Are you sure? This is a question that I have chosen to ask myself on a regular basis lately. This idea comes from Thich Nhat Hanh - as a way to encourage us to get unstuck from rigid perceptions. Thich Nhat Hanh is a Vietnamese Buddhist monk, poet, scholar, and peace activist. He was nominated for the Nobel Peace Prize in 1967 by Martin Luther King Jr. for his efforts in generating peace and reconciliation in his native country.
A lot of us have likely heard the phrase “your perception is your reality”. I have recently been having a conversation with a common theme, with people from different areas of my life. Without even noticing, it seems that I have adopted a certain ‘operating system ‘the past handful of months relating to my perception of the world. This way of approaching the world has had a profoundly positive effect on my life and the experience of each day.
I have chosen to approach each situation with an open mind and decided to ‘try something on’ for a few days before I make a snap judgment. Rather than automatically discounting an idea or method because it doesn’t currently fit into ‘my reality’, why not try that idea on for a few days and take it for a test drive to see the true effects?

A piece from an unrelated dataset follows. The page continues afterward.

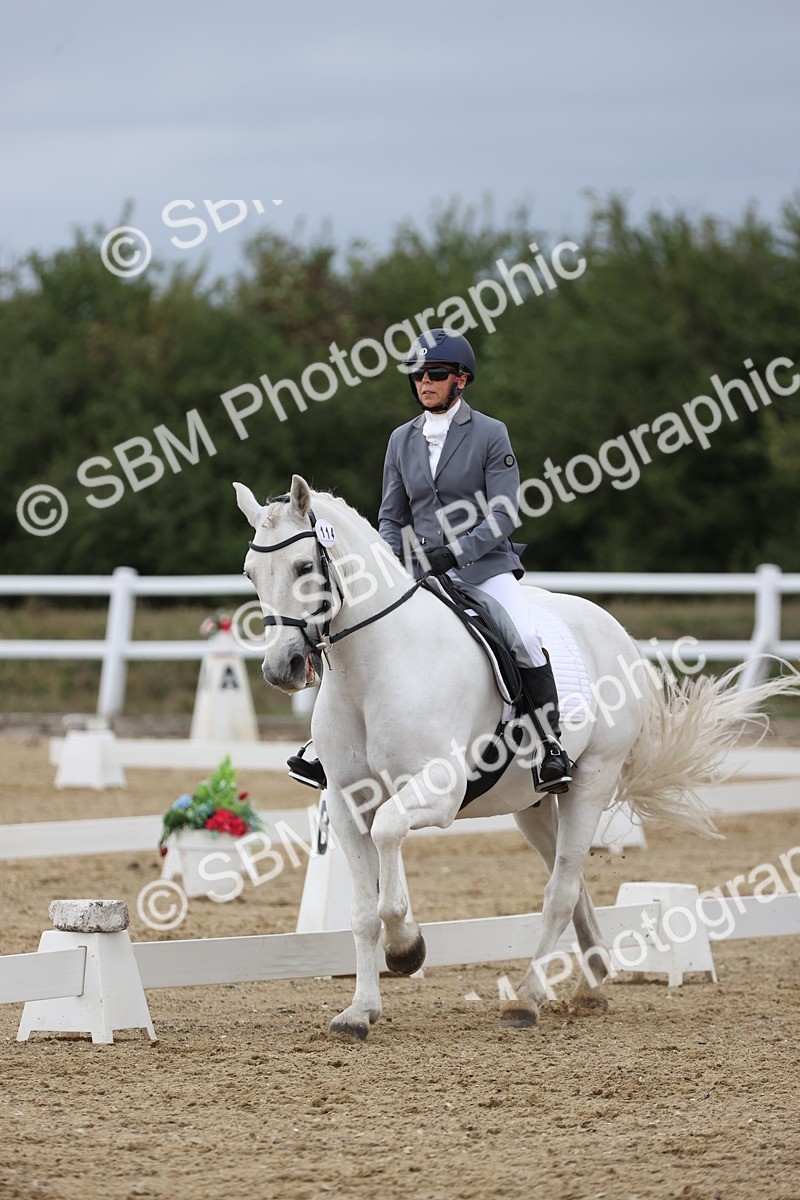 SBM_004284 - Class 9 - Novice 3 Champs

Let’s apply this to a real world situation that we all experience….food. We all eat at sometime or another, right? If you have spent any significant time in the health and nutrition world in the past five years, you will notice common themes across any eating approach (vegetarian, vegan, paleo, etc.). One theme that almost all camps agree with is the need for fat in our food. I remember growing up learning how ‘unhealthy’ fat was and how this stuff ‘can clog our arteries’. That position has changed in a big way. That is a great example of a shift of perception that affects all of us on a daily basis.
How does all of this apply to wealth management and investments? Well, if I only consider myself a specific style investor (value vs. growth) or only invest in certain asset classes (stocks, bonds, real estate, privately held companies) I am likely missing out on opportunities outside of my narrow scope, and possibly missing out on opportunities for clients. If I am not open to learning more about creative tax and estate strategies for clients, they are missing out on even more opportunities. So it is in my best interest, (along with my clients) to stay open minded, curious and always continue learning.
This doesn’t mean that everything will always stick, but at least ‘try the idea on’ for a few days (or months) and see the true effects. It almost feels like seeing the world in vivid color vs. black and white.